Tgk Haji Hasan Krueng Kalee yang telah mempunyai pengetahuan cukup dalam hal agama Islam dan telah lancar mempergunakan bahasa Arab. Atas persetujuan gurunya pada tahun 1910 beliau berangkat ke tanah suci dalam rangka menunaikan rukun Islam yang ke Lima (ibadah Haji) serta untuk melanjutkan pendidikan yang lebih tinggi pada pusat pendidikan Islam Masjidil Haram Makkah.
Disana beliau memperdalam ilmu pengetahuan agama pada Syaikh-syaik terkenal di Mekkah.
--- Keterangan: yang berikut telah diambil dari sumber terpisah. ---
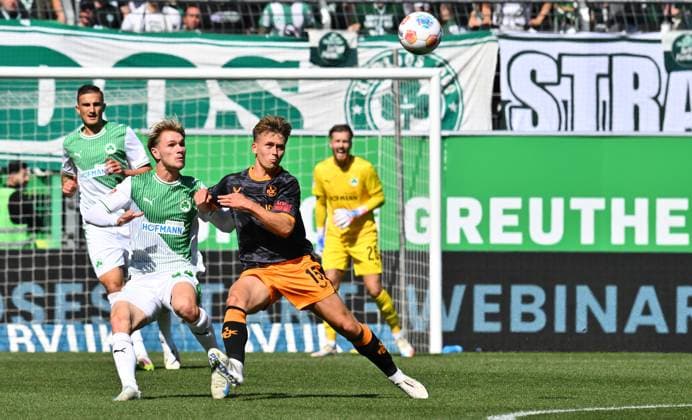 14 09 2025 Soccer Season 2025 2026 2 Soccer Bundesliga 05 Matchday SpVgg Greuther Fürth Kleeblatt 1 FC Kaiserslauten FCK Rote Teufel Sportfoto Zink xwoxzix DFL regulations prohibit any use of photographs as image sequences and or quasi video only for editorial use Marco John 24, SpVgg Greuther Fürth Naatan Skyttä 15, 1 FC Kaiserslautern FCK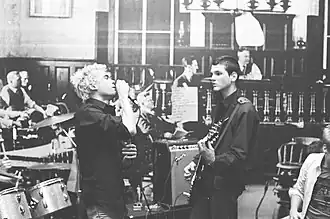 Alec MacKaye en Michael Hampton in 1982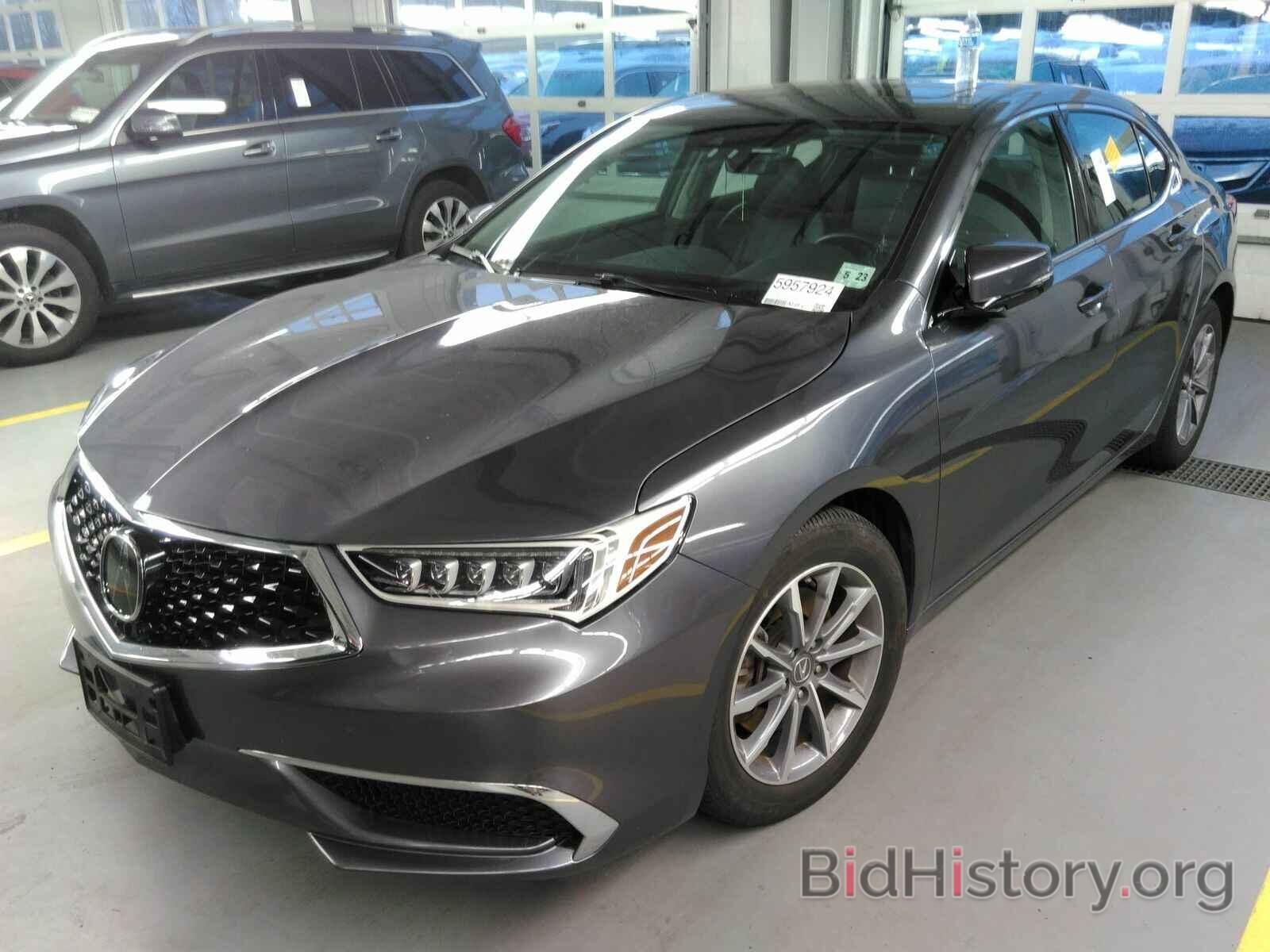 Photo 19UUB1F34KA000438 - Acura TLX 2019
Diantara guru-guru beliau selama berada di Mekkah adalah Syaikh Said Al-Yamani Umar bin Fadil, Syaikh Khalifah, Syaikh Said Abi Bakar Ad-Dimyaty dan Syaikh Yusuf An-Nabhany.
Selain pengetahuan Islam secara umum, pemuda Hasan khusus mendalami ilmu tauhid, fiqh (hukum Islam), tafsir, ilmu falaq, ilmu tasawwuf, dan sejarah Islam, dimana akhirnya Tgk Haji Hasan Krueng Kalee mendapat ijazah dalam ilmu-ilmu tersebut, sehingga karena dia telah boleh memakai lakab ulama di muka namanya. Di tiap-tiap jenjang lamanya Tgk Haji Hasan Krueng Kalee belajar tujuh tahun sehingga sampai dapat membaca Fathul Mu’in, Minhajul ’Abidin, serta sudah bisa membaca kitan Mahally (Qalyubi wa ‘Umairah) dan Fathul Wahab.